Paul Goble
Vienna, July 18 – Many observers have pointed to the risk that the closure of the Cherkizov market at the end of June and others like it in the near future could trigger ethnic conflicts not only because so many non-Russians will be thrown out of work but because Russian officials have played the populist prejudices to justify their actions.
But there is an equal or even greater danger, one Moscow commentator suggests, that the closing of these markets will trigger a social explosion both because many Russians will also lose their jobs and because these markets helped an even larger number of them weather the economic difficulties of the last two decades.
In a commentary on the Kasparov.ru site yesterday, Aleksey Lapshin calls attention to this possibility by arguing that even now in Russia “a market is more than a market.” It is “a wave of life for hundreds of thousands if not millions of former citizens of the empire who fell from their accustomed social status” (www.kasparov.ru/material.php?id=4A6059CD153C2).
“Commercial markets in the form in which they existed in the 1990s were the result of the collapse of the state,” he argues. There were many bad things about them, but they made it possible for “a quite significant part of the population to survive in the most difficult conditions of the social-economic crisis.”
By the end of the 1990s and the beginning of this decade, however, “the relatively autonomous existence of commercial markets [like the Cherkizov] came into contradiction with the demands of the bureaucracy which was again gathering strength.” To survive, those involved in the market had to pay bribes.
“As a result, a unique vertical arose in which all the burden of these payments fell on the rank and file entrepreneurs,” Lapshin continues, and until recently, “the bureaucrats and the owners of the large markets lived in peace,” each making money off the people doing the buying and selling.
But now times have changed, and the officials are closing the markets. Given Moscow Mayor Yuri Luzhkov’s denunciations of ethnic minorities, many assumed that the powers that be were doing so to deflect popular anger in the current economic crisis by expelling non-Russians whom many Russians blame for depressing wages or contributing to crime.
Lapshin, however, suggests that the real reason for the closure of the markets is to be found in the concerns of top officials about declines in the country’s light industry, declines some blame the markets for (www.vedomosti.ru/newspaper/article.shtml?2009/07/16/205360) and the desire of this elite to restore a government monopoly in this area.

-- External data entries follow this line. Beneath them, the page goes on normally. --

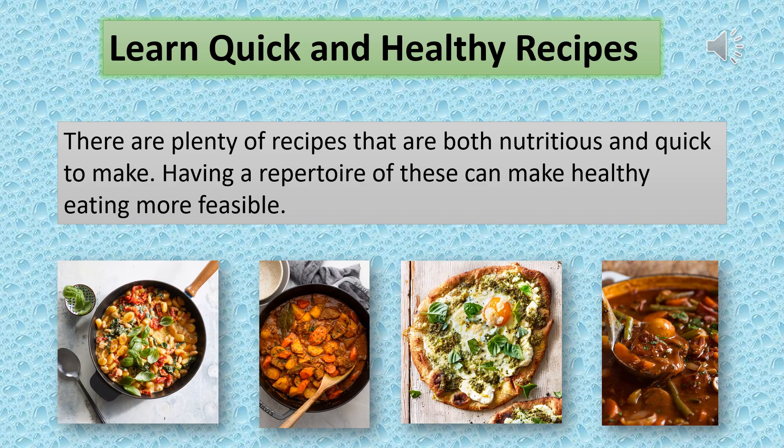Learn quick and healthy recipes. There are plenty of recipes that are both nutritious and quick to make. Having a repertoire of these can make healthy eating more feasible.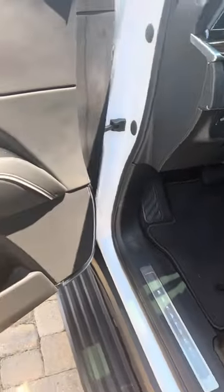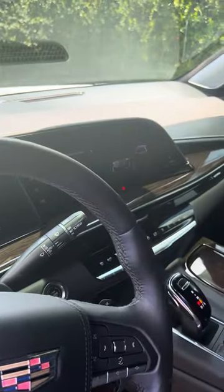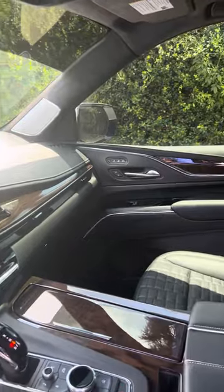Let's take a look inside. Heated and cooled seats, beautiful accents, nice big display, ice cold AC, four-wheel drive, trailer towing. Installed on the dash, panoramic sunroof, and an entertainment center in the back.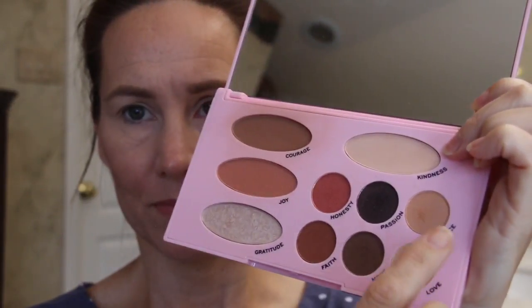I've already done my face. I have CC cream on in light, I've primed my eyes, and I'm wearing the Aume Smart Shade in Nude Peach on my lips. I'm wearing Courage as my bronzer, Joy as my blush, and Gratitude as my highlight.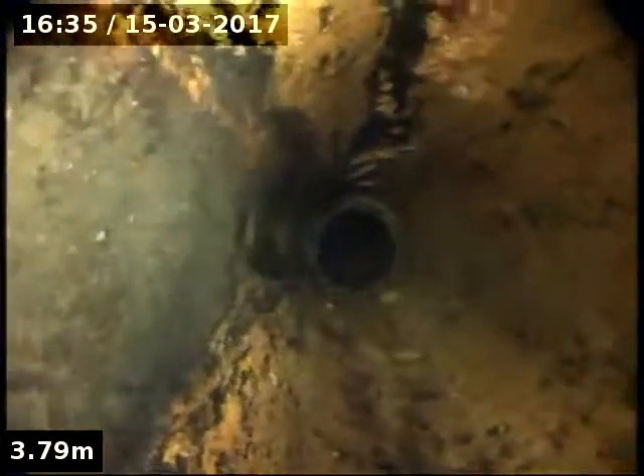Now we're in earthenware here — the pipe's actually in surprisingly good condition. It is holding a little bit of water here — that's just a bit of back fall, not uncommon for stormwater. This is in the footpath. So now we're up and out — you can see the hole in the footpath.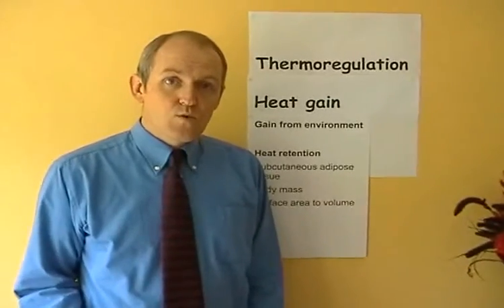In addition to gaining heat from its own metabolic processes, the body can also gain heat from the environment. Especially on a warm day, there's going to be a lot of infrared radiation from the sun, and that's going to warm us up. If the environment around us is warm, the warm bodies around us will also radiate heat and help to warm us up as well. Another source of heat gain is hot food and drinks — when we drink a hot cup of tea or eat some hot food, that heat goes into the body and will also warm us up.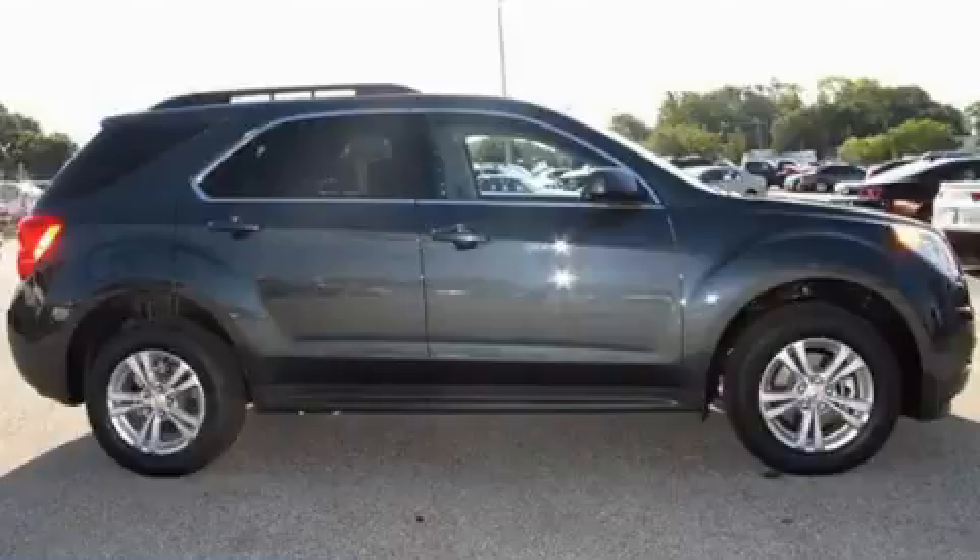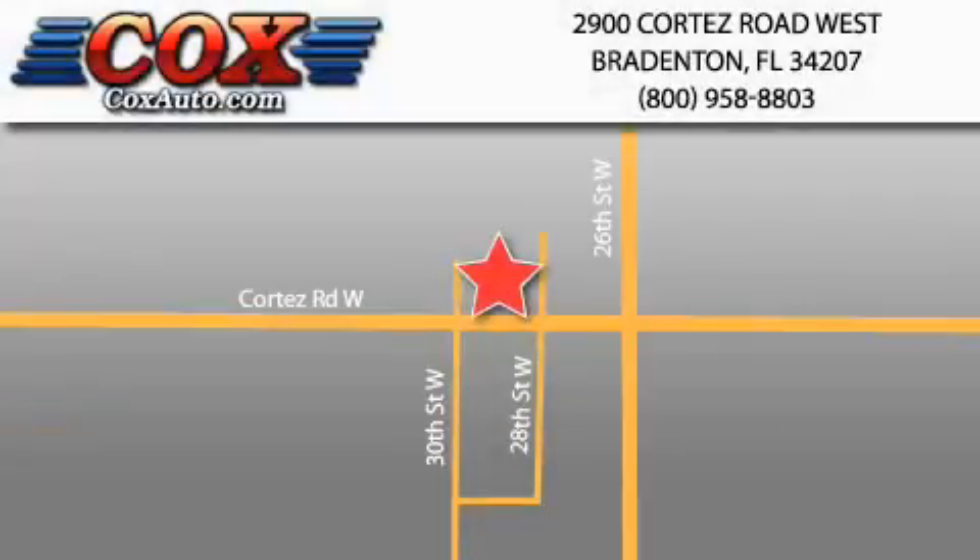Call or visit us right now and arrange your test drive today. Be sure to take advantage of our first-year complimentary basic maintenance on every pre-owned vehicle purchased from Cox Automotive.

“It is funny, of course, to hear that the traders are responsible for the problems of our light industry,” Lapshin notes, especially the suggestions that “’the damned shuttle traders’ are killing it.” But “such declarations [by senior Russian officials] are always picked up by the corresponding organs as a guide to action.”
And senior officials may have intended exactly that because the closing of the markets will help them “monopolize trade,” a desideratum as “the crisis deepens, and incomes fall. It is necessary to take some means or others to remove everything that interferes with the concentration of finances in the hands of selected groups.”
“The victims of this latest wave of monopolization will become the markets and consequently the representatives of small business. And thousands of workers will lose their jobs.” By playing on “xenophobic attitudes,” the authorities hope to deflect their anger, Lapshin says, but the fact is that “many citizens of Russia will lose their incomes.”
Some experts have estimated that the closure of the Cherkizov market alone will cost 100,000 jobs, but this campaign against the markets, because it represents “the latest effort of the powers that be to resolve their problems at the expense of the citizenry,” could have far more serious consequences than that for the country as a whole.
“In the 1990s,” he writes, “the powers that be were able to avoid a social explosion not the least because people had the chance to work in trade” in markets like Cherkizov, and they were able to acquire what they needed when they could not find it anywhere else. Now, however, they will have nowhere to turn but the streets.